What Risk Does Debt Bring?

Generally speaking, debt only becomes a real problem when a company can't easily pay it off, either by raising capital or with its own cash flow. If things get really bad, the lenders can take control of the business. While that is not too common, we often do see indebted companies permanently diluting shareholders because lenders force them to raise capital at a distressed price. Of course, plenty of companies use debt to fund growth, without any negative consequences. The first thing to do when considering how much debt a business uses is to look at its cash and debt together.

See our latest analysis for John B. Sanfilippo & Son

How Much Debt Does John B. Sanfilippo & Son Carry?

You can click the graphic below for the historical numbers, but it shows that as of March 2022 John B. Sanfilippo & Son had US$79.1m of debt, an increase on US$43.2m, over one year. And it doesn't have much cash, so its net debt is about the same.

debt-equity-history-analysis
NasdaqGS:JBSS Debt to Equity History June 28th 2022

A Look At John B. Sanfilippo & Son's Liabilities

The latest balance sheet data shows that John B. Sanfilippo & Son had liabilities of US$145.8m due within a year, and liabilities of US$53.0m falling due after that. Offsetting these obligations, it had cash of US$667.0k as well as receivables valued at US$68.7m due within 12 months. So its liabilities total US$129.4m more than the combination of its cash and short-term receivables.

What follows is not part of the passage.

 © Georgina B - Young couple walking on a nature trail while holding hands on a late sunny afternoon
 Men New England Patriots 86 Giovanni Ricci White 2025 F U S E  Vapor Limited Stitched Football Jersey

Given John B. Sanfilippo & Son has a market capitalization of US$844.4m, it's hard to believe these liabilities pose much threat. Having said that, it's clear that we should continue to monitor its balance sheet, lest it change for the worse.

We measure a company's debt load relative to its earnings power by looking at its net debt divided by its earnings before interest, tax, depreciation, and amortization (EBITDA) and by calculating how easily its earnings before interest and tax (EBIT) cover its interest expense (interest cover). The advantage of this approach is that we take into account both the absolute quantum of debt (with net debt to EBITDA) and the actual interest expenses associated with that debt (with its interest cover ratio).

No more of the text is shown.